RE: Solving the "Running Total" & "Ordinal Rank" Problems in SS 2k/2k5

Mr or Mrs. 500

Points: 570

February 15, 2008 at 2:36 pm

OK, some fun on a slow Friday afternoon: this can indeed be implemented so that it is very, very quick without breaking any of the rules/guarantees provided by SQL.

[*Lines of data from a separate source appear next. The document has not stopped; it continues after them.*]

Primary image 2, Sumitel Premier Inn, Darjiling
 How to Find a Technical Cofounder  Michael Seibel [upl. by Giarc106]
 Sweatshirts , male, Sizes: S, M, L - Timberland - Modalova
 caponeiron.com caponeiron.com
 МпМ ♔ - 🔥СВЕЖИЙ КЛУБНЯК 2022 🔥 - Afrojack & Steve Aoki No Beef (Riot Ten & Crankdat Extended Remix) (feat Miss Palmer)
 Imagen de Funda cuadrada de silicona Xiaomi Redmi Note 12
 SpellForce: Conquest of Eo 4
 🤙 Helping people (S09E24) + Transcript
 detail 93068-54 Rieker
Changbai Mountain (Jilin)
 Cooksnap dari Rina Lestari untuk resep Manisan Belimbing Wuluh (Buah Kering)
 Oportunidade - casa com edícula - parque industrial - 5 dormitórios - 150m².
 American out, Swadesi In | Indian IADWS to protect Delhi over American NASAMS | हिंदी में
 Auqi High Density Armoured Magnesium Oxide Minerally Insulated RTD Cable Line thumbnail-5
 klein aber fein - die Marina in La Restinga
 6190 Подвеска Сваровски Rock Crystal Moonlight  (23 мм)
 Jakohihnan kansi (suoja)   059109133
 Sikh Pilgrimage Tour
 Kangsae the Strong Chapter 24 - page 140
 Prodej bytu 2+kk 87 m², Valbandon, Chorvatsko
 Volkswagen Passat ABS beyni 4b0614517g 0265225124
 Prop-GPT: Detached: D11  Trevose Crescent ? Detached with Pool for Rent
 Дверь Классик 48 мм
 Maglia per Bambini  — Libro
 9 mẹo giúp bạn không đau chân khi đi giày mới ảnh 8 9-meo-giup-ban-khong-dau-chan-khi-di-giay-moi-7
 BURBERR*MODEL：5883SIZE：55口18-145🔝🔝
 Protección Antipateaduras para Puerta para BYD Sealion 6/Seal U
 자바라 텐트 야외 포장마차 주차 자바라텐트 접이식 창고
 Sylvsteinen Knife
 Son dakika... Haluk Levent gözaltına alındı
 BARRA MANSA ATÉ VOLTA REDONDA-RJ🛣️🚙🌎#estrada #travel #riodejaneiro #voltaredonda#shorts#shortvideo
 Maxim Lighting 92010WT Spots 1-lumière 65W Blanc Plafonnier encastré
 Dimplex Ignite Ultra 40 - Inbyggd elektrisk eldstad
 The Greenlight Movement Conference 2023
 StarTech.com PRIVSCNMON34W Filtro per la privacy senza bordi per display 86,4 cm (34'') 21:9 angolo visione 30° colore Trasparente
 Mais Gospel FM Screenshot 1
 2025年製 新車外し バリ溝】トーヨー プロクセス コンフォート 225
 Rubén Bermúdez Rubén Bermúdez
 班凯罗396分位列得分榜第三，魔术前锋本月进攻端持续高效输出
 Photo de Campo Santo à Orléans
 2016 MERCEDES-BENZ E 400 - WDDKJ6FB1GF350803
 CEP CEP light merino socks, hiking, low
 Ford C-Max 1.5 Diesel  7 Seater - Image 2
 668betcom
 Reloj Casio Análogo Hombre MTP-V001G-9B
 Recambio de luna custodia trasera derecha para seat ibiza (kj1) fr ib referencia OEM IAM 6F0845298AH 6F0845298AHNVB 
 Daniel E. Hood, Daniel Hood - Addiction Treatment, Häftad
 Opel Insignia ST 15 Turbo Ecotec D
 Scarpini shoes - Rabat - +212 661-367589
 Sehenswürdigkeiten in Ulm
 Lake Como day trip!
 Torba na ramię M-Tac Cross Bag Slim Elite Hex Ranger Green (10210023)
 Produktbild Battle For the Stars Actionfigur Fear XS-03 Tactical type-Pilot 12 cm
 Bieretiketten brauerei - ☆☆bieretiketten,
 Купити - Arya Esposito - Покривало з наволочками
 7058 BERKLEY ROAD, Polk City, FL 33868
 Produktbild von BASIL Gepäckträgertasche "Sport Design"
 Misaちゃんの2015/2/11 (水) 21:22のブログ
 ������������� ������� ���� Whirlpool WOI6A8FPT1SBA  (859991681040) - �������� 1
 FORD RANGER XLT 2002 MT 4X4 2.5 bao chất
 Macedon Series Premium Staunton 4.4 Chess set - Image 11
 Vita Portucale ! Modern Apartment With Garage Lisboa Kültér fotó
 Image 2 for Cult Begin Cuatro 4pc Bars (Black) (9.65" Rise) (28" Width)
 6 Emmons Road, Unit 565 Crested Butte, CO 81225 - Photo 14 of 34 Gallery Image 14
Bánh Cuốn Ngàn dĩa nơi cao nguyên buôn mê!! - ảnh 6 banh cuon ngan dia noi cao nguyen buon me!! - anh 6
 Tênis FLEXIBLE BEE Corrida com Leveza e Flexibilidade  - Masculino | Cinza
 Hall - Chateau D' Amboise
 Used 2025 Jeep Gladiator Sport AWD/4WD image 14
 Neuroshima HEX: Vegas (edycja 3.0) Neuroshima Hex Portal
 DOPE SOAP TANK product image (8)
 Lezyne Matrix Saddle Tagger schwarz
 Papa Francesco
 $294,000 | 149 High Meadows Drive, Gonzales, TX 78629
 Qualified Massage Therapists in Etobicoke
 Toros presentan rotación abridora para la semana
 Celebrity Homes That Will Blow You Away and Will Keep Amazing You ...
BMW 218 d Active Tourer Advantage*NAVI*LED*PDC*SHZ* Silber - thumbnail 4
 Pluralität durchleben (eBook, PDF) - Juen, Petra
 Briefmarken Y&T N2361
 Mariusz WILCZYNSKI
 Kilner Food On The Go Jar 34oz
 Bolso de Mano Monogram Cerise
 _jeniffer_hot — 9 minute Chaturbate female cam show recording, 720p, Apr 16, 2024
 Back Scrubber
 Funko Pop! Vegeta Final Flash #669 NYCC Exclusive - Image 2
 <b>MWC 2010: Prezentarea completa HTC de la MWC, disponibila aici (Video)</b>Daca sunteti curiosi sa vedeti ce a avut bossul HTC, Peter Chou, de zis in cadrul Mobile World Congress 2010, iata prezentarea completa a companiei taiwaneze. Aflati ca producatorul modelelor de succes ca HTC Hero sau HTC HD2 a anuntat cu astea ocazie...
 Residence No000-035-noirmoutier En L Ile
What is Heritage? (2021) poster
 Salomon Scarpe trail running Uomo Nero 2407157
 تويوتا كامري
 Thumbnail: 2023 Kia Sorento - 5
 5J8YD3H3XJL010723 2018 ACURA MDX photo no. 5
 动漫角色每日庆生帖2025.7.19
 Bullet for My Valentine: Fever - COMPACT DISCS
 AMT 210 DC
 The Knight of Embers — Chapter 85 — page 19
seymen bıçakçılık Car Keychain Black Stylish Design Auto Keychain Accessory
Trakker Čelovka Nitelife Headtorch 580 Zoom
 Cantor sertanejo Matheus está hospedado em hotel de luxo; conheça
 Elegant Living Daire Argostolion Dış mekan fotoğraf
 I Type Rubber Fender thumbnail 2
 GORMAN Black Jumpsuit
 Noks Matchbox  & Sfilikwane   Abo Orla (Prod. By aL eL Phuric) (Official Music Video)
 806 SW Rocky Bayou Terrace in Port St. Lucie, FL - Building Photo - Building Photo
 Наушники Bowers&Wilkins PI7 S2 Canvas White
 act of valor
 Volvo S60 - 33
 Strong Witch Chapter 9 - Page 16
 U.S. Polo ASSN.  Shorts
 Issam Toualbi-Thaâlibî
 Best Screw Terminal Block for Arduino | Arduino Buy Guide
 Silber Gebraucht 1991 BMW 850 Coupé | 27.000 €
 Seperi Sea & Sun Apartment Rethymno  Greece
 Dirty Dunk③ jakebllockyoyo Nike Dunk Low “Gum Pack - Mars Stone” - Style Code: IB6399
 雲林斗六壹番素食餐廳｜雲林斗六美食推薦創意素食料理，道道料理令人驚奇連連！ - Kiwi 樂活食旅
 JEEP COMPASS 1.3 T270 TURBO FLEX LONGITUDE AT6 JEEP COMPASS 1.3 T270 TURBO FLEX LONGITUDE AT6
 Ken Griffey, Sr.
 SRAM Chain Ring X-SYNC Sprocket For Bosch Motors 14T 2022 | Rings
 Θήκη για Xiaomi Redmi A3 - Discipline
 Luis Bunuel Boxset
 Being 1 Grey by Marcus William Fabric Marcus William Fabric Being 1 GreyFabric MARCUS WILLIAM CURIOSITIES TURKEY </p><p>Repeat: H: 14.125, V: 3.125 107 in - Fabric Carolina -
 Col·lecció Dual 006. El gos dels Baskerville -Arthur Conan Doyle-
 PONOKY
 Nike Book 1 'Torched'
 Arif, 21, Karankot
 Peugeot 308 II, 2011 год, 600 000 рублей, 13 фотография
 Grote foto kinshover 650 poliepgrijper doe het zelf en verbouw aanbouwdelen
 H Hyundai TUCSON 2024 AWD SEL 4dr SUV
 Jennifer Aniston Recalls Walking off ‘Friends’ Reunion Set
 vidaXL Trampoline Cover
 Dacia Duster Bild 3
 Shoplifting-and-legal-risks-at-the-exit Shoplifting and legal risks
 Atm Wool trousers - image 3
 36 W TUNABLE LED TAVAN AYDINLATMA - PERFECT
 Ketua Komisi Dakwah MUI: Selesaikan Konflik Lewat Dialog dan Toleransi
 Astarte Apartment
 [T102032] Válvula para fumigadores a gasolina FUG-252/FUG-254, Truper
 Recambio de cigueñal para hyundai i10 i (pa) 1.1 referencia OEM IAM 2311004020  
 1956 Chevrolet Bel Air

The key is to recognize that CTE's defined as recursive queries are in fact a set-oriented tail recursion operator for SQL. This is an extremely powerful concept, and thus CTEs can be employed to do all sorts of wonderful things in a fast set-oriented manner.

Here's my code:

The source table create and data load; this takes 2:04 (mins:secs) on my machine (pretty much lifted from the original article):

CREATE TABLE dbo.JBMTest

( RowNum INT IDENTITY (1,1) NOT NULL,

AccountID INT not NULL,

Amount MONEY not NULL,

Date DATETIME not NULL

--RunBal MONEY NULL,

--GrpBal MONEY NULL,

--RunCnt INT NULL,

--GrpCnt INT NULL

)

CREATE NONCLUSTERED INDEX IX_JBMTest_AccountID_Date --not clustered for "Merry-go-Round" test

ON dbo.JBMTest (AccountID, Date)

-- 2mins, 4secs on my machine:

--===== Build the table 100 rows at a time to "mix things up"

DECLARE @Counter INT

SET @Counter = 0

WHILE @Counter < 1000000

BEGIN --===== Add 1000 rows to the test table

INSERT INTO dbo.JBMTest

(AccountID, Amount, Date)

SELECT TOP 100

AccountID = ABS(CHECKSUM(NEWID()))%50000+1

, Amount = CAST(CHECKSUM(NEWID())%10000 /100.0 AS MONEY)

, Date = CAST(RAND(CHECKSUM(NEWID()))*3653.0+36524.0 AS DATETIME)

FROM Master.dbo.SysColumns t1

CROSS JOIN Master.dbo.SysColumns t2

--===== Increment the counter

SET @Counter = @Counter + 100

END

Now the tricky CTE; we first build a table variable that sucks the whole source table out and applies a clustered index, then do the CTE query that adds the running totals:

declare @sequential as table

(

AccountID INT not NULL

, seq int not null

, Date DATETIME not NULL

, Amount MONEY not NULL

, unique clustered (AccountID, seq)

);

insert into @sequential

select

AccountID

, row_number() over(partition by AccountID order by Date) as seq

, Date

, Amount

from JBMTest;

with

summed(AccountID, seq, Date, Ammount, Running) as

(

select

sq.AccountID

, sq.seq

, sq.Date

, sq.Amount

, sq.Amount as Running

from @sequential as sq

where sq.seq = 1

UNION ALL

select

sq.AccountID

, sq.seq

, sq.Date

, sq.Amount

, sq.Amount + pri.Running as Running

from @sequential as sq

join summed as pri on

sq.AccountID = pri.AccountID

and sq.seq = pri.seq + 1

where sq.seq > 1

)

select * from summed;

The above query -- INCLUDING generating the table variable -- takes 29 seconds on my machine, and is eligible for full parallelism, etc. (Note also that I did not specify any table/index hints.) If we add a final sort (order by accountID, seq) (most likely in practice, if used for reporting), the time balloons to all of 43 seconds.....

Reviewing the query plans shows that each row is visited exactly once; the recursive CTE is trully a tail-recursion operator in SQL!

Out of curiousity, if we were to grab the current balance using a sum...over(partition) construct:

select distinct(AccountID), sum(Amount) over(partition by AccountID) as cAmount

from JBMTest

that takes 2 seconds on my machine.

-frank

The End.